Most of what I feel about the Queen of Soul went into the obituary I wrote for the Guardian. Here’s a little extra thing about the record of hers that I’d choose if I could only keep one.

Aretha Franklin made three passes at Van McCoy’s “Sweet Bitter Love”. It’s my guess that this means it was a song with a special significance for her, one she sang not just to her audience but to herself.

The first version came in 1965, during her unhappy time with Columbia Records. The producer was Clyde Otis, the song was given an off-the-peg string arrangement, and the outcome was mundane, even though her singing is lovely. The third was made in 1985, during her time with the Arista label. She produced that one herself, directing an ace band including Nat Adderley Jnr on keys, Steve Khan on guitar, Louis Johnson on bass and Yogi Horton on drums, adding Paul Riser’s arrangement for strings, brass and woodwind. Beneath the sumptuous surface, it dug a lot deeper. It would even serve as her definitive version of a fine song, but for . . .

. . . her second go, which stands for me as the most mesmerising and revelatory recording of her entire career. She taped it at the end of 1966, as part of a demo session immediately after signing with Atlantic Records, which explains the rough sound quality. Among other songs recorded that day, with Aretha at the piano supported by an anonymous double bassist and drummer, were try-outs of “I Never Loved a Man (the Way I Loved You)” and “Dr Feelgood”, which became two of her classics. For me, however, “Sweet Bitter Love” is the one that seems to have cut deepest into her soul.

Sweet bitter love / The taste still lingers / Though through my helpless fingers / You slipped away / Sweet bitter love / What joy you taught me / What pain you brought me . . . 

Listen to it and then try telling me she isn’t singing to and about herself, drawing on everything she had already lived in her 25 years.

Oh my sweet bitter love / Why have you awakened /And then forsaken / A trusting heart like mine . . .
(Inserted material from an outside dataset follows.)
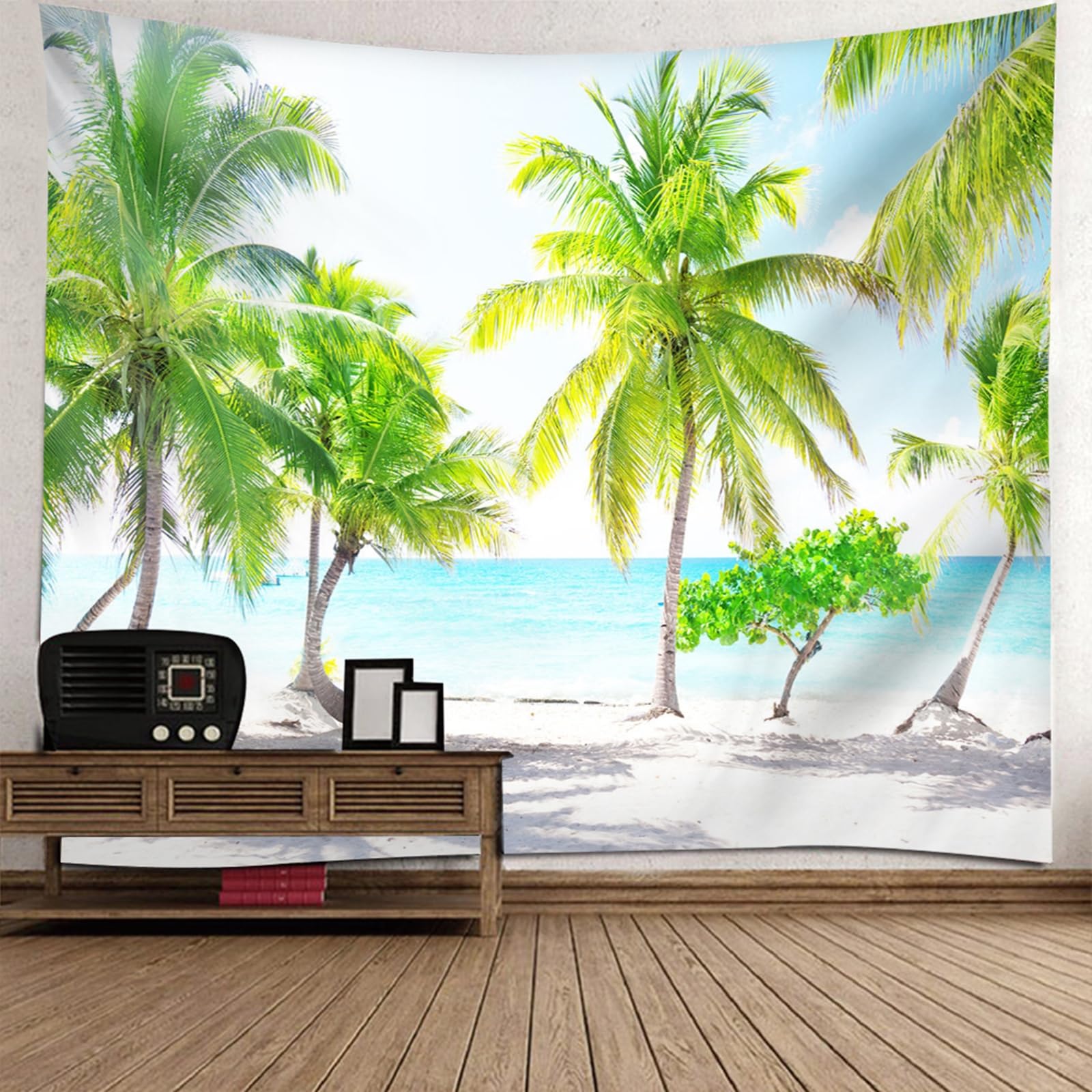 RDSGYZ Wandbehang Stoff Schlafzimmer, Wandteppich Landschaft Motiv Groß 350x256CM Kokospalmen Meer Wandvorhang Wandbehang Tuch Wanddeko für Kinderzimmer Schlafzimmer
It’s also the perfect example of how her best work always came when she was sitting at the piano, providing her own accompaniment, establishing the groove and the flow. With that security she could explore her full range of phrasing and intonation: some of the single words here are enunciated and flighted with astonishing creativity, every scrap of decoration seeming absolutely essential. Over the whole piece, voice and keyboard ebb and flow together in great deep, dark surges of powerful emotion which she brings to an ending that is both elegant and brusque, as if everything has been said.

I love so many of her records. But if I had to keep just one, I’d tell myself that none of the others encapsulates the intimacy, the intensity, the superlative control, the sheer shattering open-hearted and heart-breaking Aretha-ness of her quite as rivetingly as this, which was never intended for public consumption but brings us as close to her as we could ever want to get.

* The photographs of Aretha were taken by the great Lee Friedlander, during the time he was working on album covers for Atlantic Records in the 1960s. They’re in his book American Musicians, published in 1998 by D.A.P. / Distributed Art Publishers, Inc. You’ll find links to the other two versions of the song on YouTube. I didn’t include them because I wanted to make sure that you listen to this one.